The complaint urges the court to prevent the implementation of the new rule before it takes effect, which is scheduled for December 1, 2016.
The "threshold" for salaried employees is now $47,500 a year. All salaried employees making less than that will now qualify for overtime. Employers will be required to pay time-and-a-half to anyone working more than 40 hours a week. This will significantly increase labor costs for businesses, as well as state and local governments.
On March 13, 2014, President Obama ordered the Department of Labor to revise the Fair Labor Standards Act's overtime exemption for executive, administrative and professional employees-the so-called "white collar" exemption-to account for the federal minimum wage. On May 23, 2016, the Department of Labor issued the final new overtime rule. It doubles the salary-level threshold for employees to be exempt from overtime, regardless of whether if they perform executive, administrative, or professional duties. After December 1, 2016, all employees are entitled to overtime if they earn less than $913 a week-including state and local government employees. Additionally, the new rule contains a ratcheting mechanism to automatically increase the salary-level every three years without going through the standard rule-making process required by federal law.

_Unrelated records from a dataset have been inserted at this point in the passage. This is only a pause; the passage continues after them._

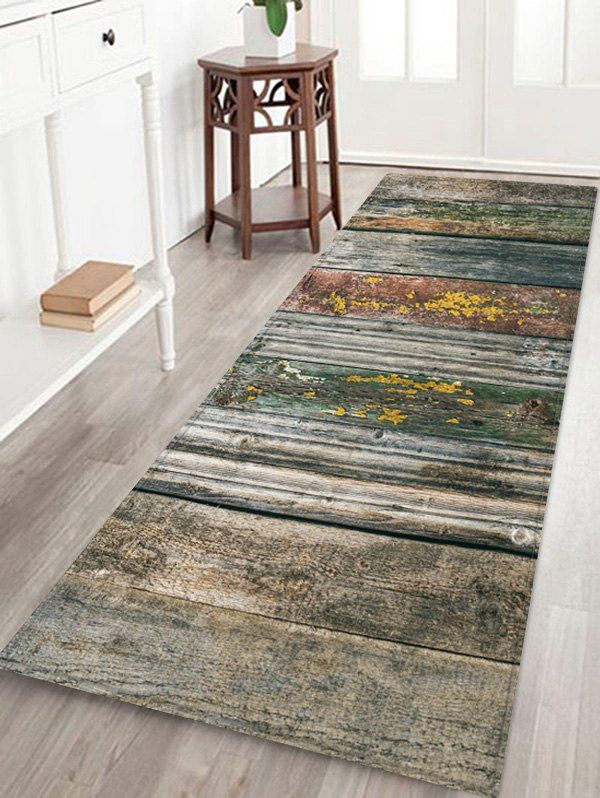 

Old Wood Flooring Pattern Water Absorption Area Rug, Battleship gray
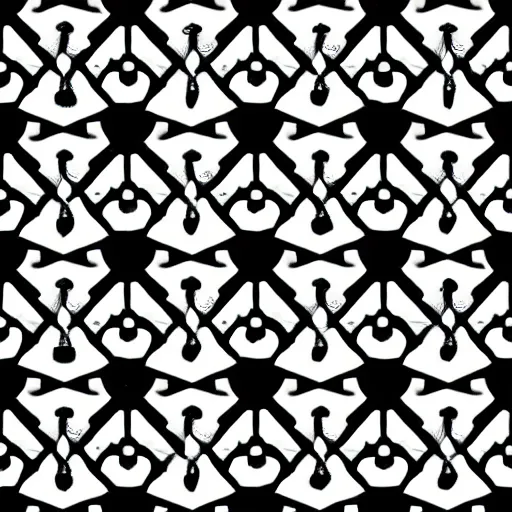 Prompt: a seamless pattern of headphones and dices, black white, in style of m.c. escher, geometric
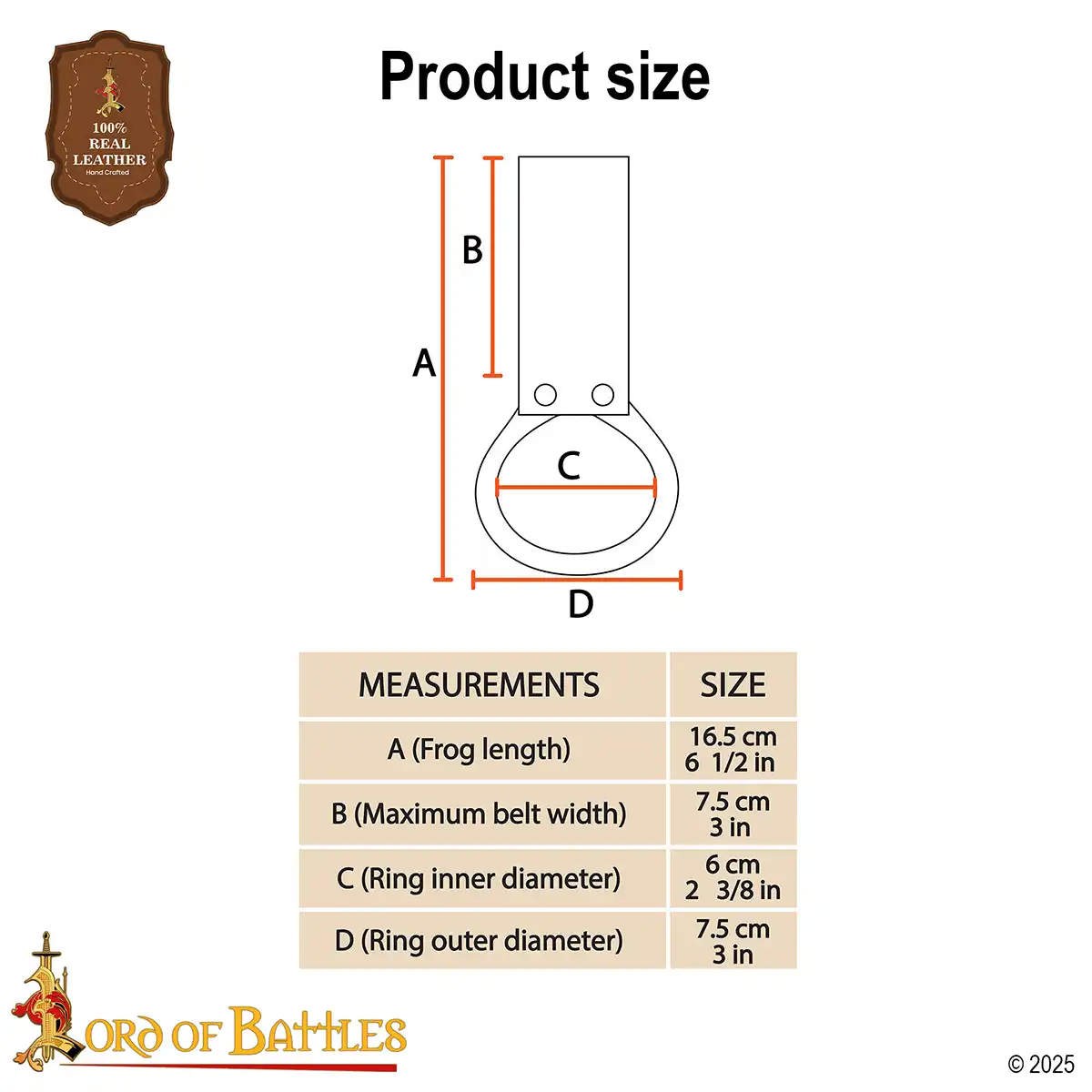 Brown Leather Axe Holder Frog Brown Leather Axe Holder Frog - Image 3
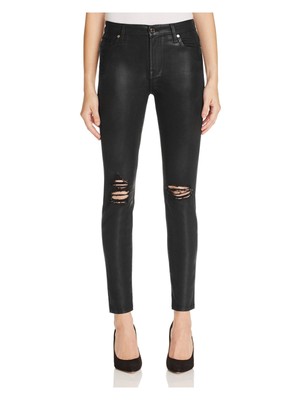 

7 FOR ALL MANKIND Женские черные джинсы до щиколотки с высокой талией и карманами на молнии, Черный, JU8229031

In addition to Nevada, other states that joined this filing include: Alabama, Arizona, Arkansas, Georgia, Indiana, Kansas, Kentucky, Louisiana, Michigan, Nebraska, Ohio, Oklahoma, South Carolina, Texas, Utah and Wisconsin.
"This rule, coupled with referendum questions to dramatically increase the minimum wage and impose a 10.13% income tax on successful Mainers, demonstrates the Democrats at the state and national level are doing everything they can to put people out of work," said Governor LePage.